Pour le club, le préjudice sera d’environ 8 à 9 millions d’euros, ce qui est considérable pour une période aussi courte, pendant laquelle il y aura effectivement zéro recette. Ensuite, tout dépendra de la date de reprise de la compétition. Si on reprend courant septembre, on peut réamorcer la pompe avec nos supporters, nos partenaires, nos annonceurs, qui pour le moment nous maintiennent globalement leur confiance. Donc, si la saison reprend normalement, on pourrait faire une saison 2020/2021 à peu près à l’équilibre.
"Ne pas reprendre avant la fin de l’année serait dramatique pour le rugby"
La saison pourrait reprendre plus tard qu’en septembre?

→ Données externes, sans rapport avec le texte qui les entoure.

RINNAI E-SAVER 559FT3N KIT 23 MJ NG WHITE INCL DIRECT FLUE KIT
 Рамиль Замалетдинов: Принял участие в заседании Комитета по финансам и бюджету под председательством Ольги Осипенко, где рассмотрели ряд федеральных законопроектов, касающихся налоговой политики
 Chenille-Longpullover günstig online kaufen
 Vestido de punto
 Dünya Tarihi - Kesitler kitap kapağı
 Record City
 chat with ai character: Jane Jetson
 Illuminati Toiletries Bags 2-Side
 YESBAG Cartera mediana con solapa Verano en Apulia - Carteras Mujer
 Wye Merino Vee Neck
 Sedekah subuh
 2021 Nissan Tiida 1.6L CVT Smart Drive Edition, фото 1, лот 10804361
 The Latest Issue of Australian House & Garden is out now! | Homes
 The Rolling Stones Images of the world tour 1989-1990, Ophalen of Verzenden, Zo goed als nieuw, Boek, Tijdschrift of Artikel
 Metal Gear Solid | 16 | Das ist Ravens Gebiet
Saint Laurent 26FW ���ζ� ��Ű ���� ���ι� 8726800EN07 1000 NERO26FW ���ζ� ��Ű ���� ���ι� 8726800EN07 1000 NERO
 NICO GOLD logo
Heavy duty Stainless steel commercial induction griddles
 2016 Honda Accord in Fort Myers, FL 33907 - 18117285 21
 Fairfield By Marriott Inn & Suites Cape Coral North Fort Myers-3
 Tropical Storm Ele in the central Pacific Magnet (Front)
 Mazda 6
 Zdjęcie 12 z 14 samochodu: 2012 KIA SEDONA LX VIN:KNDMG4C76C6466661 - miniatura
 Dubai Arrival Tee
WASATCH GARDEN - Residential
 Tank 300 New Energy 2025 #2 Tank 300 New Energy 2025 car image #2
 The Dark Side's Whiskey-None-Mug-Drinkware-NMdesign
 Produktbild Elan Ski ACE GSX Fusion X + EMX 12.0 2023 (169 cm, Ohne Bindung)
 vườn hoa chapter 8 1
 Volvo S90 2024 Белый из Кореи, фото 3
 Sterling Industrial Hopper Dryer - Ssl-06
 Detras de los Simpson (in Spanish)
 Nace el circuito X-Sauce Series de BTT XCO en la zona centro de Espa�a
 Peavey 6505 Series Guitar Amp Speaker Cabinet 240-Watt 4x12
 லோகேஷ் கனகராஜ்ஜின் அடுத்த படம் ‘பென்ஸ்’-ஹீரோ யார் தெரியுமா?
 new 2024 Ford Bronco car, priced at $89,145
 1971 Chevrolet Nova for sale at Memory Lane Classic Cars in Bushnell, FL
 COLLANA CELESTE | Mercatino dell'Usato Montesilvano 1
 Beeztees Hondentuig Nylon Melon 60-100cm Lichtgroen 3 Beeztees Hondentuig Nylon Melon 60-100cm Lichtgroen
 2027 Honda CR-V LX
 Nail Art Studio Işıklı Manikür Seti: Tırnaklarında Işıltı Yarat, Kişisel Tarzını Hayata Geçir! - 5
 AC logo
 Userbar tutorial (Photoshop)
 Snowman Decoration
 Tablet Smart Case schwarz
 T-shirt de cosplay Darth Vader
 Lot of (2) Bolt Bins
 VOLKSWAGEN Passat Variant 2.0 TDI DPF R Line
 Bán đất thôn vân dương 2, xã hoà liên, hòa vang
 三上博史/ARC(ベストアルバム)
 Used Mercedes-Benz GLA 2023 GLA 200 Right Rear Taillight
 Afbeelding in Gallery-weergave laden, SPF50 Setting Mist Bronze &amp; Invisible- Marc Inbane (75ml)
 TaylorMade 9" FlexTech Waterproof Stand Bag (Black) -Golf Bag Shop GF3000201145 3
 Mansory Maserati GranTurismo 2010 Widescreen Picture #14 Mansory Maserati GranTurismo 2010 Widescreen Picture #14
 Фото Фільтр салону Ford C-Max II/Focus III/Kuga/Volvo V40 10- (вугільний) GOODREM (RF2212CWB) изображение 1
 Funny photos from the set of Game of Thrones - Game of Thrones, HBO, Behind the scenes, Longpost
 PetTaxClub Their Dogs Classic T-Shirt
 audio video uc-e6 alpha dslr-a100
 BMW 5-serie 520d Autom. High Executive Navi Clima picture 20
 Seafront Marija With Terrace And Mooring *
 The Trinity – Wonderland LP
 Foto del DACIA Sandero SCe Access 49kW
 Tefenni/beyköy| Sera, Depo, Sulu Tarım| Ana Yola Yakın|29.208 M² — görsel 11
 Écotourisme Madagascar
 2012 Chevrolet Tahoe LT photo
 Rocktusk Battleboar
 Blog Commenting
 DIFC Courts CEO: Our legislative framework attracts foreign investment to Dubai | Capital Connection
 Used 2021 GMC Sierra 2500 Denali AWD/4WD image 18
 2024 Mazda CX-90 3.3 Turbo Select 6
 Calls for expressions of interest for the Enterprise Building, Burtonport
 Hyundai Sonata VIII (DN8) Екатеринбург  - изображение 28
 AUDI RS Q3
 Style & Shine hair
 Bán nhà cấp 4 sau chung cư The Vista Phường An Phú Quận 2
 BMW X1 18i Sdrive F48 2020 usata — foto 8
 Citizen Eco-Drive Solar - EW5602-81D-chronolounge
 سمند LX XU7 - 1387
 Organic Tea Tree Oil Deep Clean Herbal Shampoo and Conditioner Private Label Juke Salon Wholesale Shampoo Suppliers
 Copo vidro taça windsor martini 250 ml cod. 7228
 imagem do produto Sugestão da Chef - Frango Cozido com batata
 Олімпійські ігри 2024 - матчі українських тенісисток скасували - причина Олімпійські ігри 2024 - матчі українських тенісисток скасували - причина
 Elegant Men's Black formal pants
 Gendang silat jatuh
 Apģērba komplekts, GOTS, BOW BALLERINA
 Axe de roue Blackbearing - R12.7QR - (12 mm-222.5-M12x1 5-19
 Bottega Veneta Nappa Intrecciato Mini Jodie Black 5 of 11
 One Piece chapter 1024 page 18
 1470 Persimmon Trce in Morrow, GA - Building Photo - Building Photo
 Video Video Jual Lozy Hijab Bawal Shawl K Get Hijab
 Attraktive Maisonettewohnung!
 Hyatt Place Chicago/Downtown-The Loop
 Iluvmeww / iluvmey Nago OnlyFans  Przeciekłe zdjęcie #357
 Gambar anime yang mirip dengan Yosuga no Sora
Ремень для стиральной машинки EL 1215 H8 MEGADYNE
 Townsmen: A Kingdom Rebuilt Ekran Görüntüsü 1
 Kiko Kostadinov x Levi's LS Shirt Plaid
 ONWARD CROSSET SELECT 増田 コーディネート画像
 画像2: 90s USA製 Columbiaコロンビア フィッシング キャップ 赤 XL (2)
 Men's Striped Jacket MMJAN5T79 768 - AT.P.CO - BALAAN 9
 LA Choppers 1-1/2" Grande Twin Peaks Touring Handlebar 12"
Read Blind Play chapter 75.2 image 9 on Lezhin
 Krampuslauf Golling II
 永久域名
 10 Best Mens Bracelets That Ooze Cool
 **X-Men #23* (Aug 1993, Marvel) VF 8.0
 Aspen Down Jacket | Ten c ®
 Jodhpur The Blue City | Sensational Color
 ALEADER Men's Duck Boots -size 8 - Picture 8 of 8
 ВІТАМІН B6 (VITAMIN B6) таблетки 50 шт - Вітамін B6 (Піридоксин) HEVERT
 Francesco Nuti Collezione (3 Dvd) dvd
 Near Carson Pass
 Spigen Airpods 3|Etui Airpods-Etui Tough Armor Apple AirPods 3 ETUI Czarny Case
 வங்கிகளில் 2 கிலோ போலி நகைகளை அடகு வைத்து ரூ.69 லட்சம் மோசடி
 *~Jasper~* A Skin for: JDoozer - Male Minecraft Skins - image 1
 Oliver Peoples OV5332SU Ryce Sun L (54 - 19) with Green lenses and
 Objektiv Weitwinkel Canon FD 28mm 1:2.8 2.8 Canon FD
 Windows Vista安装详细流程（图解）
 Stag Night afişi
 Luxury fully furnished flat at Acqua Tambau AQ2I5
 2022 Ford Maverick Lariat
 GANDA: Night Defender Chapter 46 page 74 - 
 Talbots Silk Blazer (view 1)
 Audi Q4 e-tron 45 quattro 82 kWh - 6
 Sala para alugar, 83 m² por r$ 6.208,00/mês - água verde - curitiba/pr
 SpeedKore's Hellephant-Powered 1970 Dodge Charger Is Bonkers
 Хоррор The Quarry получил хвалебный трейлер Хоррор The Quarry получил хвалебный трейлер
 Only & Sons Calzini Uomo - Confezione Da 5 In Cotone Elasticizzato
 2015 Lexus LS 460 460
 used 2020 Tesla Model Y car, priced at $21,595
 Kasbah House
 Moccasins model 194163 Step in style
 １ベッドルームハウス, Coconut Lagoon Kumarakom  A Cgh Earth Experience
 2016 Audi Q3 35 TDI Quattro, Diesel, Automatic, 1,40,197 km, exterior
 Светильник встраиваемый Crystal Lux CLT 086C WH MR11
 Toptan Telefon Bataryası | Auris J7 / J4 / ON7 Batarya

Oui, il y a une autre hypothèse, tout à fait crédible, et qui a été évoqué ce matin avec la ministre: c’est qu’on ne reprenne pas avant la fin de l’année! Ce serait assez dramatique. Pas seulement pour le RCT mais aussi pour d’autres clubs plus fragiles. Il faudrait alors envisager un plan de sauvegarde du rugby professionnel. Il y aurait différentes façons de venir au secours de notre sport, pas seulement en injectant de l’argent. Les charges sociales et patronales pèsent par exemple beaucoup sur les salaires, cela fait partie des gestes qui pourraient être faits par l’État pour nous faciliter la vie après la crise. La Ligue est en train de monter un dossier qui sera très bientôt remis au ministère des Sports.
Cette première saison en tant que président est assez mouvementée…
C’est un peu cahoteux, il faut bien l’avouer (sourire)… Mais nous travaillons énormément pour présenter, la saison prochaine, la meilleure équipe possible. Je suis venu au RCT pour vivre des émotions sportives, et cette période ne va pas me décourager.